本棚の命題

 先月末から今月にかけて、老骨に鞭打って本棚を整理していて、また1つの命題に気づいた。
 「本棚とは、収蔵庫(パソコンで言うハードディスク)か、作業場(同、メモリ)か?」
 今回の整理以前は、持っている本も資料もなるべく本棚に収めるようにしていた。ダンボールに入れてクロゼットに押し込んであるのは学生時代のノートだとか昔の仕事の書類ぐらいのものだった。
 結婚して本棚を4本買って、自分の分2本に、それまで本専用の倉庫を借りて預けていた本を全部並べた時は、そりゃあ嬉しかったもんだ。

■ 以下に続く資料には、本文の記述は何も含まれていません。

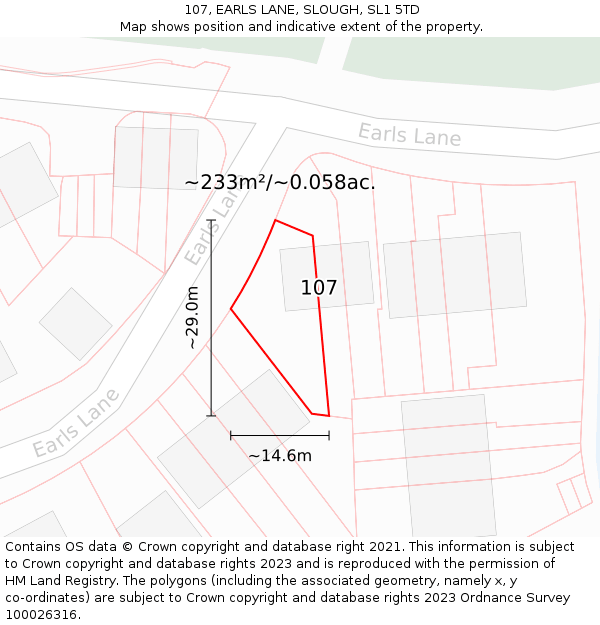 107, EARLS LANE, SLOUGH, SL1 5TD: Plot and title map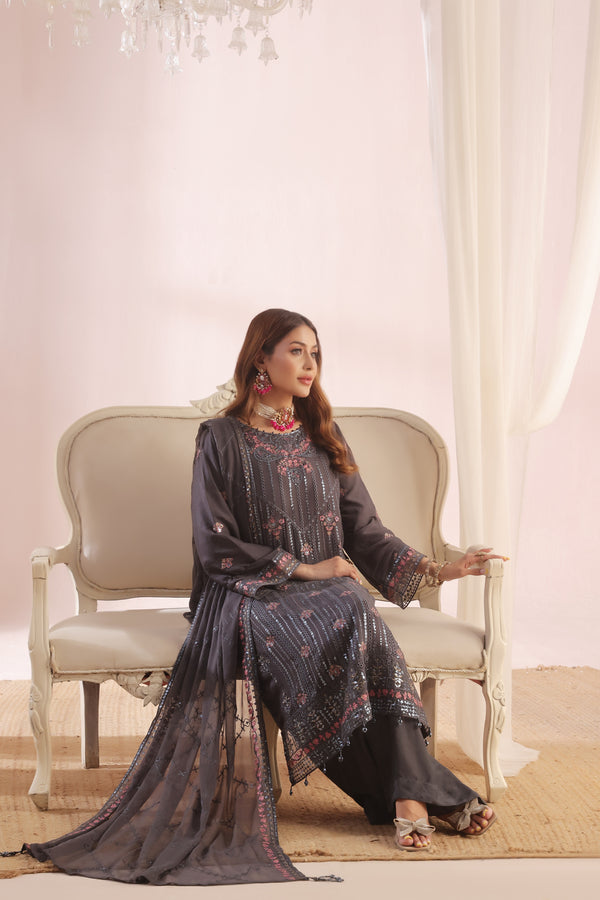 ZOFIA - Semi-Stitched 3-Piece Luxury Embroidered Chiffon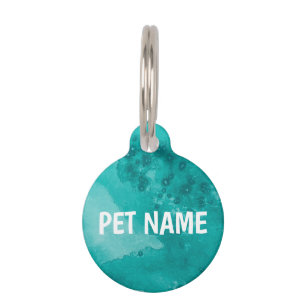 IT Watercolor Aquamarin Green Name Tag-ID Haustiermarke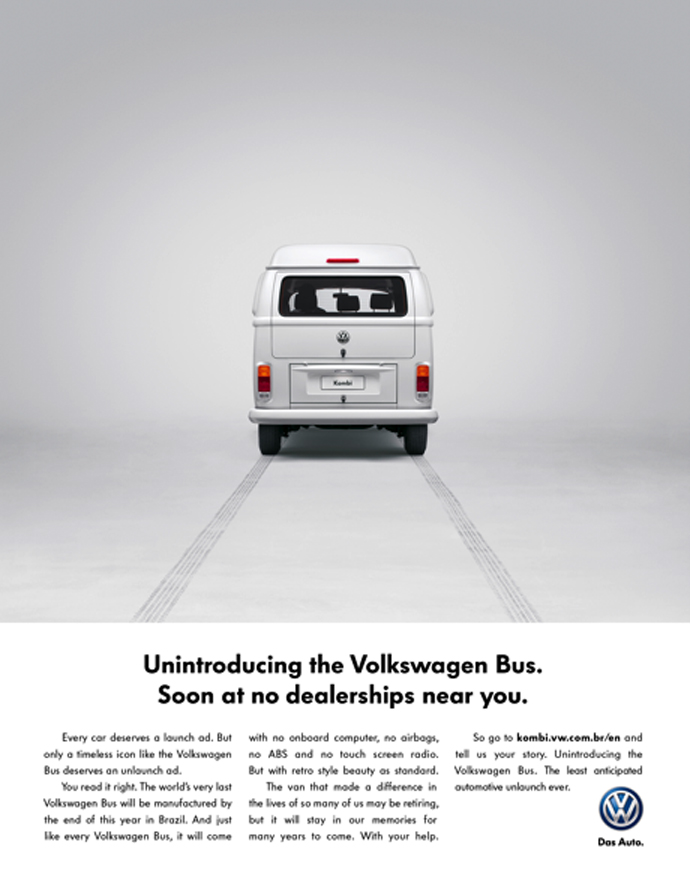 A world first? VW issued an 'unlaunch' ad to commemorate the end of the Bus.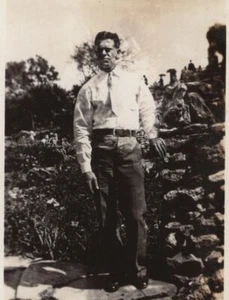 1930s Handsome Man Standing Garden Stone Pathway Artistic Snapshot - Picture 1 of 3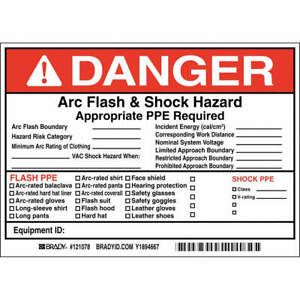 BRADY 121078 Permanent Adhesive Lbl,5inx7in,Vinyl,PK5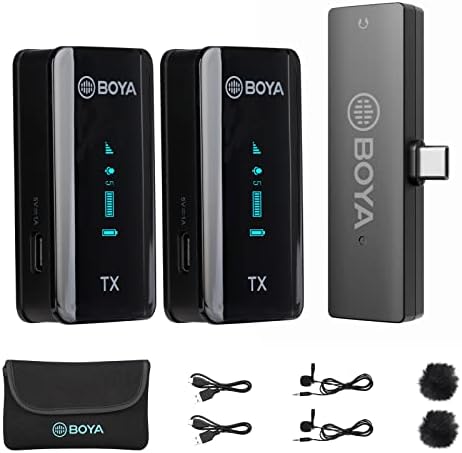 Boya BY-XM6-S2 Mini 2.4GHz Dual Wireless Lavalier Microphone for DLSR Camera/iPhone/Android, Dual Lapel Wireless Mic for Live Streaming Video Vlog Podcast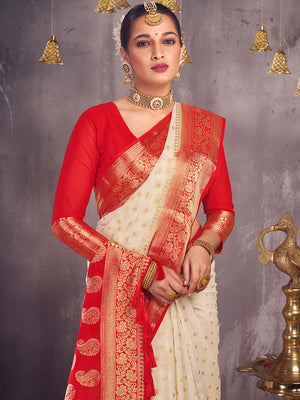 Georgette Banarasi Silk Saree With Blouse Piece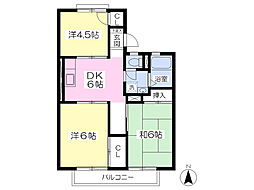 サンライズ戸頭 3DKの間取図画像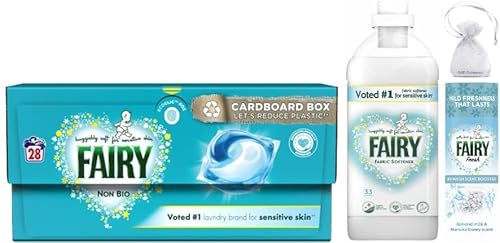 Fairy Non Bio Pods, Washing Liquid Capsules, for Sensitive Skin, 28Pods + Fairy Fabric Conditioner, Original, 33w, 1.155L + Fairy Fresh in Wash Scent Booster Beads, Almond Milk & Manuka Honey, 176gr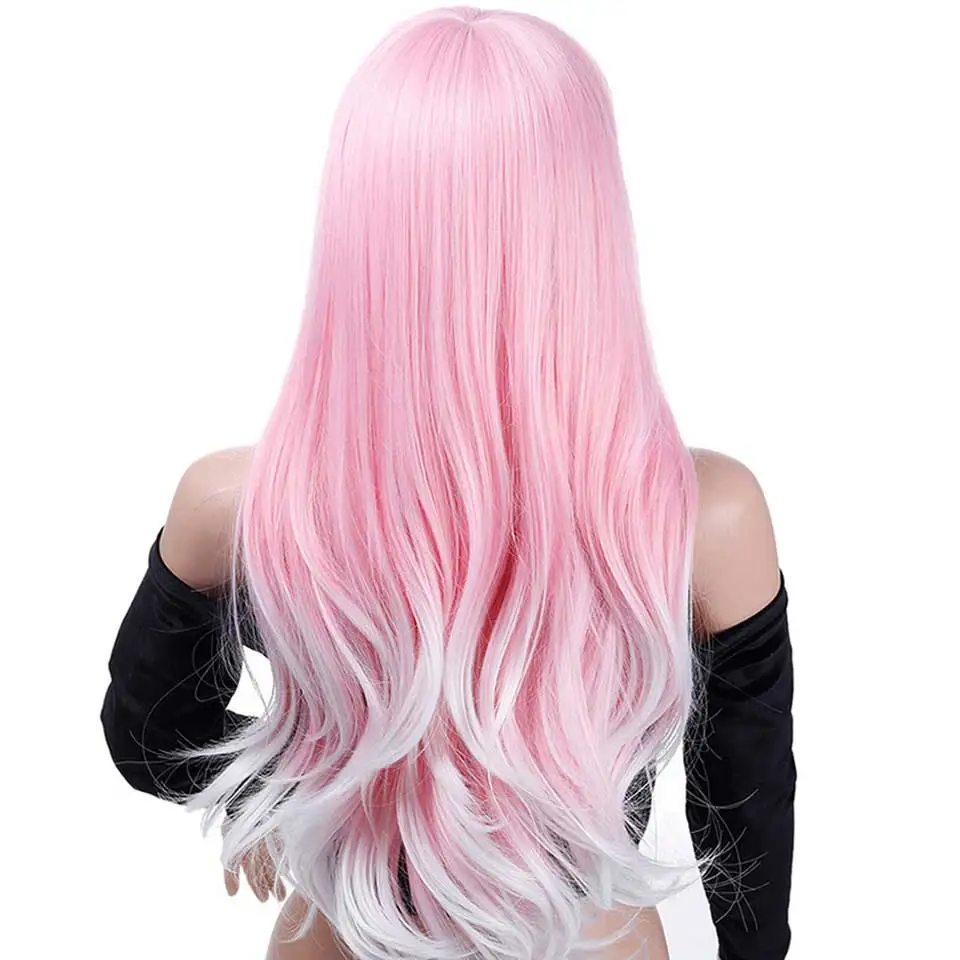 DIFEI женские 2" Длинные большие волнистые волосы парик розовый смешанный белый жаростойкий синтетический двухцветный парик - Цвет: PINK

 やっぱり、持っているものを全部一覧できるということは、快感である。
 さーこれでいつでも必要なものが出せるぞ…と。
 が。
 出せないじゃん(笑)
 何で?(笑)
 一杯入れたら、どこに何が入ってるかすぐには探せないぞ。おまけに私は本には全部カバーをかけるし、段によっては横に積んであるから余計めんどくさいぞ。
 そう、キャパシティとは、本棚(ハード)ではなく、自分の脳味噌(ソフト)の問題なのである。
 例え本棚に本や資料が全部収まっていようが、その全量そのものが私の頭で把握しきれない、或いは普段の生活で使い切れないほど多いのである。
 悪魔の囁き、「全部捨てちまえよ…」(笑)
 正直、今回はマジで、見ないで全部捨てたかった…(^^;)
 だってホントに重いんだもん本って!重いダンボールだって何度あっちこっちへ積み直したことか!整理が終わってから何日かは疲れて使い物にならなかったよ…。
 でもなあ。やっぱり、持ってないと困る本もあるし、すぐに眺めたい本もあるし。処分は秋以降どんどんやってきたしなあ。図書館に寄贈した分は恐らく捨てられちゃっただろうってのが哀しいけど、もうしょうがない。
 結局、今回、本棚を収蔵庫として扱うのは諦め、再び、すぐには読まない本はダンボール行き。本棚に並ぶのは、いつも読みたい本だけに限ることにした。脳味噌のキャパと実際の量をなるべく一致させたわけである。
 天井まである本棚の、上の方の棚が空いた。すると旦那が、
「じゃあ引き取って。難民として一時受け入れたけど、場所ができたんなら」
と、以前、所有権を移譲した本を返すというのである。これには「ええっ!!!」とペンディング中。
 かつ、ダイニングと物入れに分かれていた料理本の山も、とうとう、書斎の本棚に集めた。正に「料理の本棚」。困ったことに、料理本もかなりコレクションしているのだ。
 本当は、料理本って、食卓からすぐ手の届く所に置きたいんだけどね…。献立は食卓で作るから…。でもこれもしょうがない。何かちゃんと作りたくなったら、書斎でじっくり本を選ぶことにする。実際、日々のご飯なんて、レシピのノートで済んでしまうしなあ(そう考えると、山田風太郎『あと千回の晩飯』とはよく言ったもので、本当は一食たりとも適当にしたくはないのに、毎回納得のいくものにするのは何と難しいことか)。
 お蔭でダイニングが凄くすっきりしたのはよかった。
 本棚を作業場にしたことで、多分、箱に移された分の本は、「諦めるための時間」を過ごすことになるのだろう。
 二度と出すことがないのなら、手放すことになるだろう。
 公立図書館にその本がありさえすれば、そう悲観することもない。